Two weeks ago today, at the tender age of 49, I exchanged the single life for the married life.  On Friday, Nov. 29, I married Jacqueline Halbig at St. Rita Church in Alexandria, Va.
God’s timing—although sometimes hard to understand—is perfect.  Both Jacqueline and I had discerned the marriage vocation throughout our adult lives and, despite pursuing relationships with others, never found the right person.  Consequently, we were beginning to conclude that marriage was not God’s calling for our lives. 
A trip to Washington, DC on June 2, 2012 changed that conclusion for both of us.  A few months previous, I had lunch in Lincoln with Austin Ruse, president of the Catholic Family and Human Rights Institute (C-FAM).  Mr.
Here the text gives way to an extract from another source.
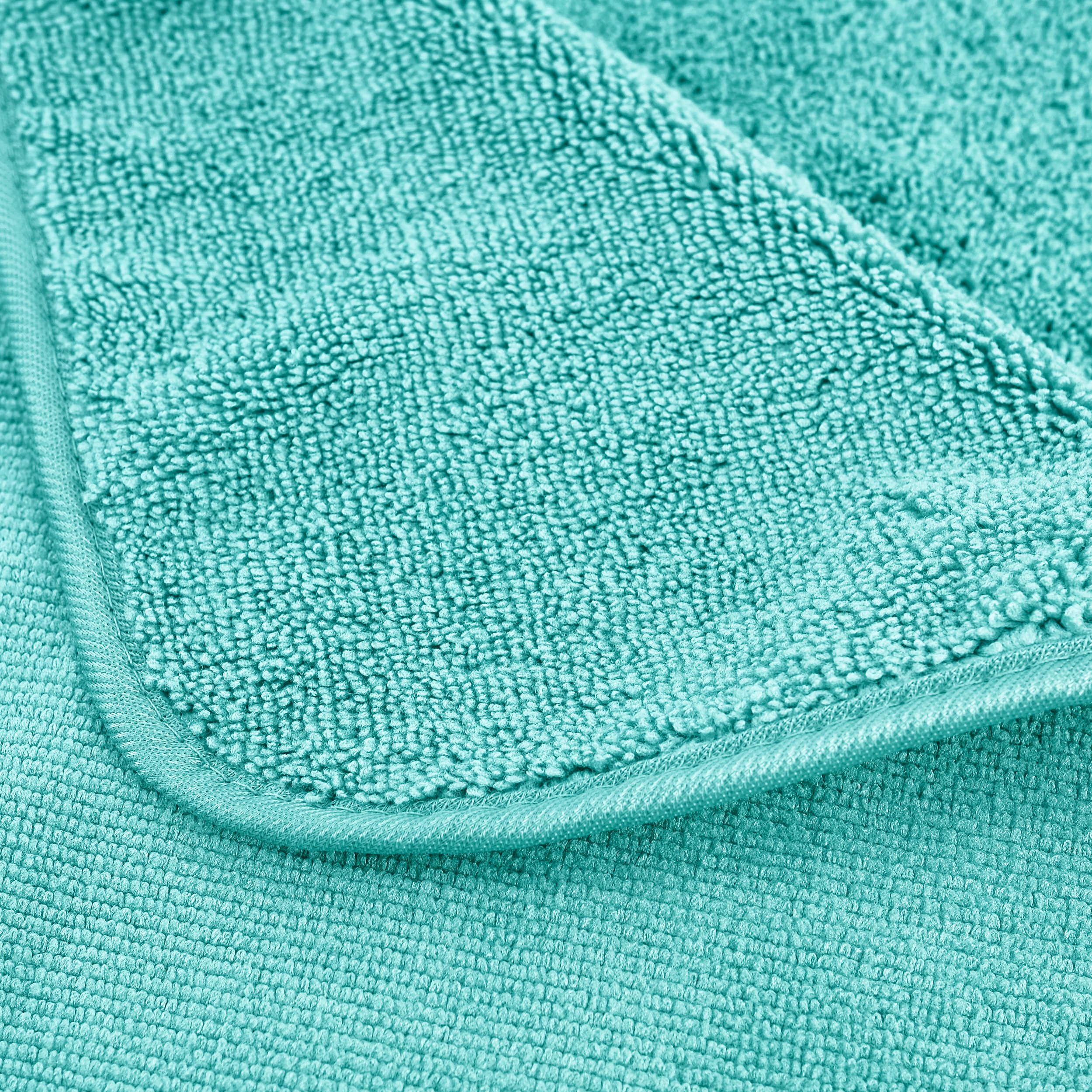 Polyte Oversize, 60 X 30 In., Quick Dry Lint Free Microfiber Bath Towel Set, 6 Piece (Aqua)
Ruse was in Nebraska to speak at the Lincoln Diocesan Council of Catholic Women conference. 
When he returned home to the Washington D.C. area, Austin’s wife Cathy asked how I was doing and if I was married yet.  I’ve known Cathy for many years, from the time when she worked in the U.S. Bishops’ Pro Life Office in Washington, D.C.  Austin, who had asked me the same question at lunch, told Cathy that I was still single.
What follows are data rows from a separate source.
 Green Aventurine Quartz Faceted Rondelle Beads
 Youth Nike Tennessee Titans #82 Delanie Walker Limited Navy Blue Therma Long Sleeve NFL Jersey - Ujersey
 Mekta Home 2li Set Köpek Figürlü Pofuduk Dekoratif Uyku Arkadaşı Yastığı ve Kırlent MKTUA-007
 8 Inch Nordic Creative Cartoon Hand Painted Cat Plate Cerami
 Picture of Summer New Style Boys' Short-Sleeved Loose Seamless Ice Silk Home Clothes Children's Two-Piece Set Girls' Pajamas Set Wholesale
A short time later, I received an e-mail from Cathy asking if I’d like to meet a friend of theirs (Jacqueline Halbig).  Having begun to conclude that marriage might not be my calling, I was initially hesitant to say yes.  Thanks to the wise counsel of my spiritual director, I agreed to pursue yet another relationship.
On Saturday, June 2, 2012, I flew to Alexandria, and met the woman who a year and a half later would become my wife.  I was scheduled to fly there the day before, but after boarding the plane and pulling out toward the runway, the plane was stopped and ultimately cancelled due to storms in the D.C. area. 
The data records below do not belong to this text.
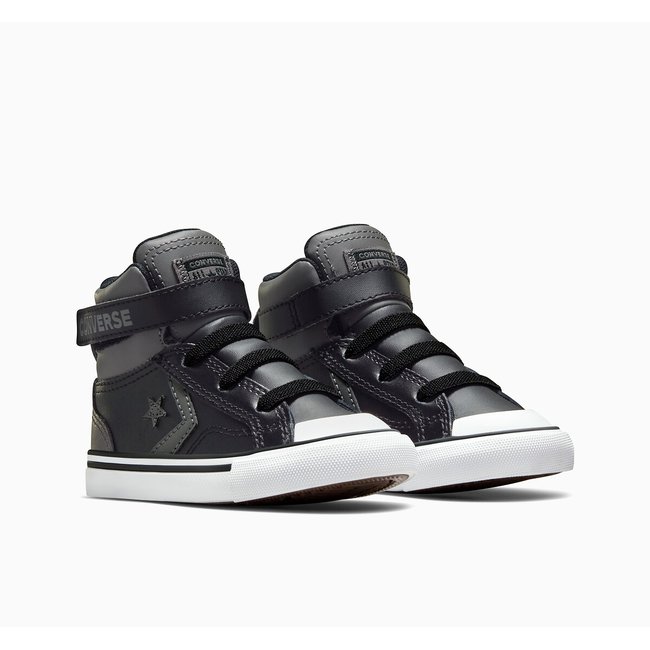 Kids' Pro Blaze Strap Hi Sport Lux High Top Trainers in Leather, grey/black, CONVERSE
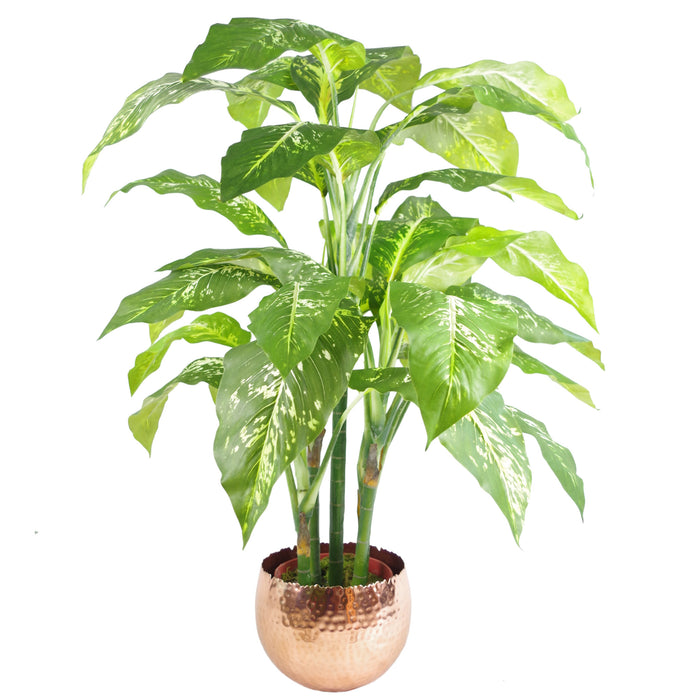 Leaf Large Metal Planter 22 x 17cm Hammered Copper Plated - Curvy Edge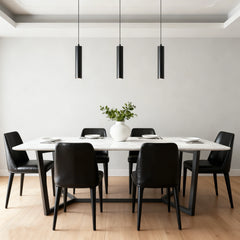 Lámpara Colgante Cilíndrica Moderna de Metal Negra para Comedor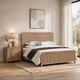 2pc King Bedroom Set, Natural Brown Wood, Nightstand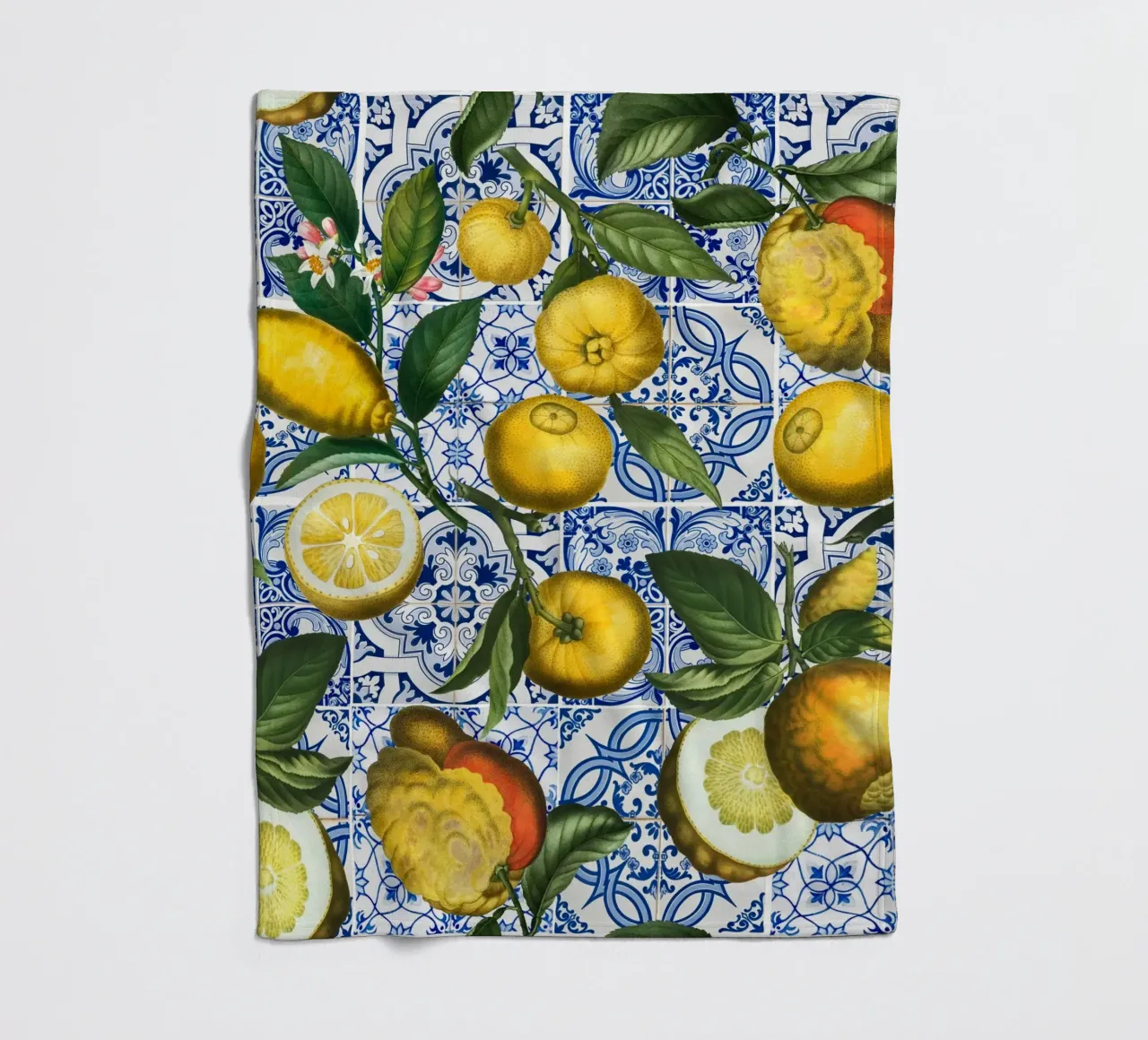 Citrons rustiques avec carreaux marocains Méditerranée Vintage plaid polaire de Stilrausch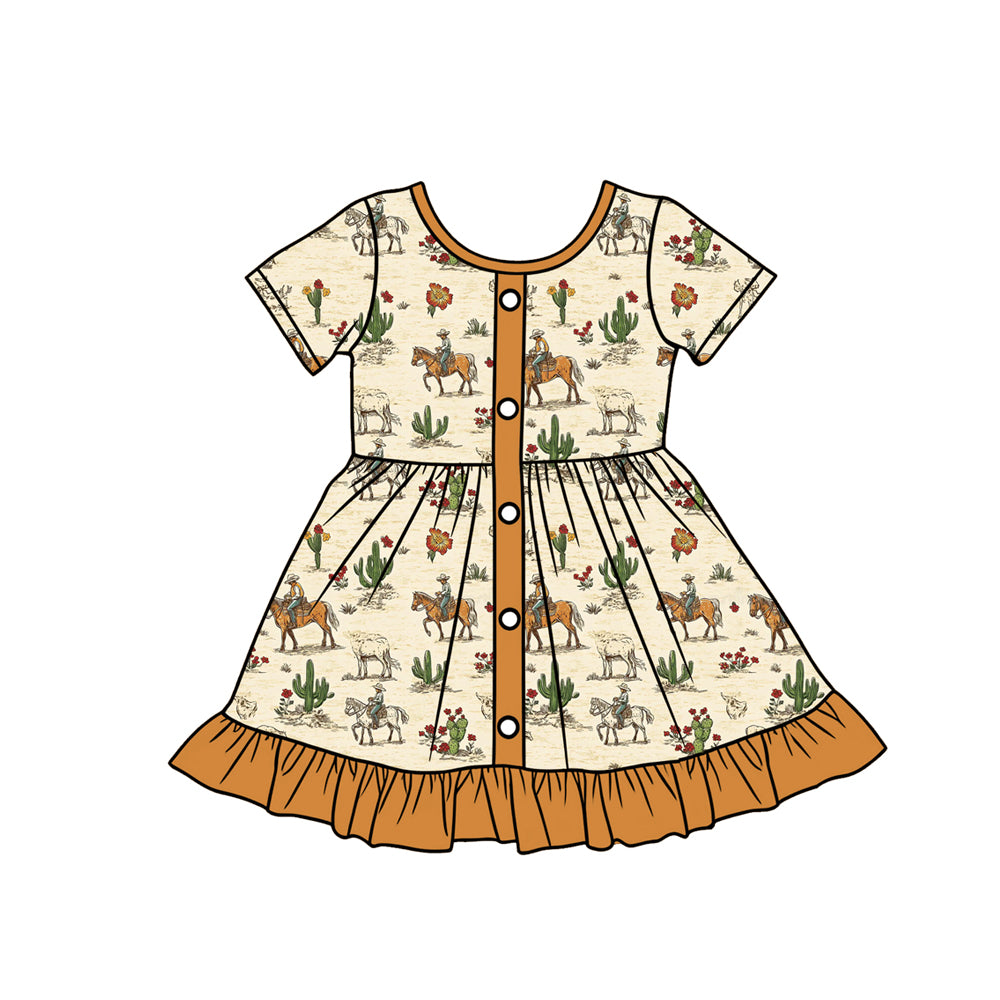 (Pre-order)GSD3548 Cowboy Cactus Print Girls Summer Knee Length Dress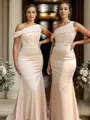 Pretty Sheath/Column Silk Like Satin Sweep Train Corset Bridesmaid Dress With Pleated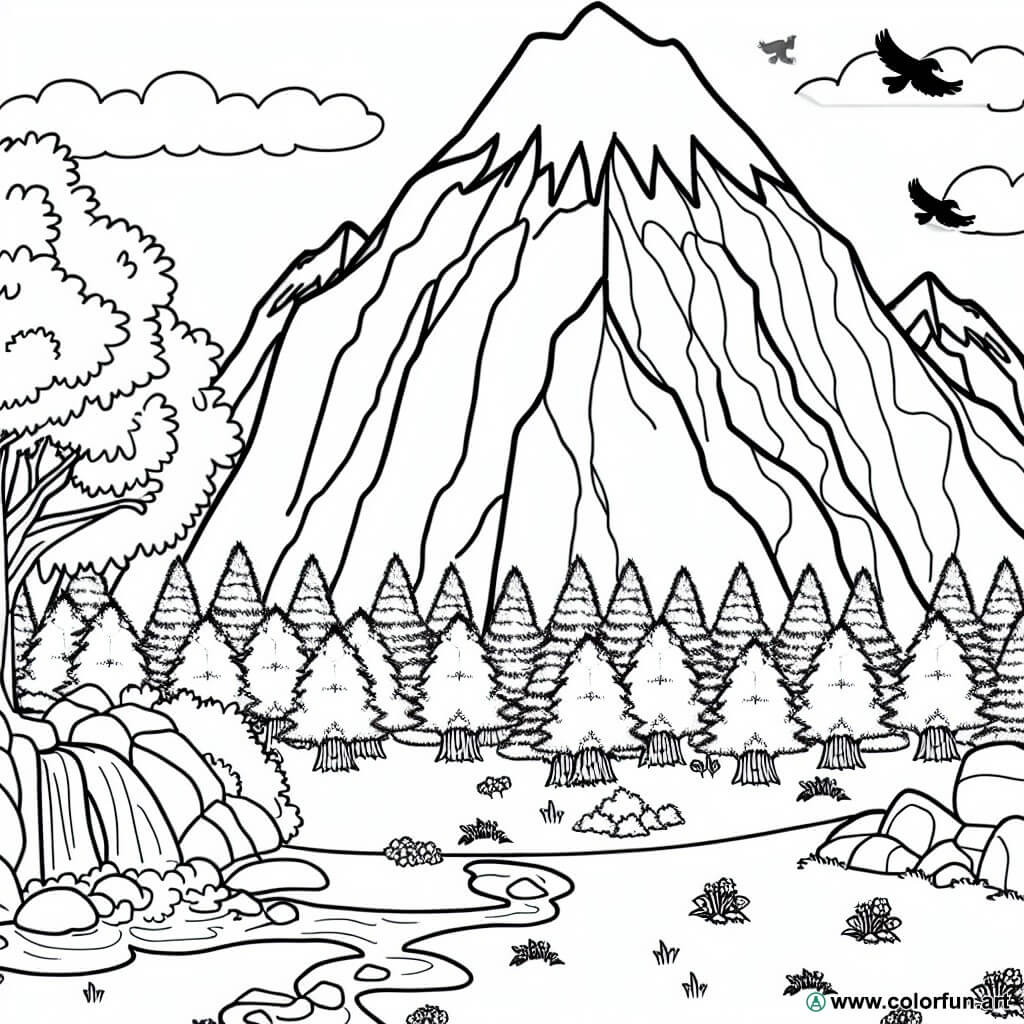 desenhos para colorir paisagem montanha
As a person takes the initial steps to pursue a dating relationship, such strange encounters lead one to wonder whether this is God’s way of saying no or the devil’s way of frustrating God’s will.  I concluded the latter and rebooked a flight for the next day. 
One of the first things Jacqueline told me was that she recognized my name from some contract work she had done for Americans United for Life during the debate over Obamacare a couple years prior.  She was assigned to call my office to discuss various pro-life concerns about the legislation and, for some reason (perhaps because she is German) she was intrigued by my name.
This past connection over pro-life issues in addition to our common relationship with a couple involved in pro-life work was an initial indicator that God may be at work in bringing us together.  I had always thought that if I was to be married that I’d most likely find my wife through my pro-life work, and this turned out to be the case.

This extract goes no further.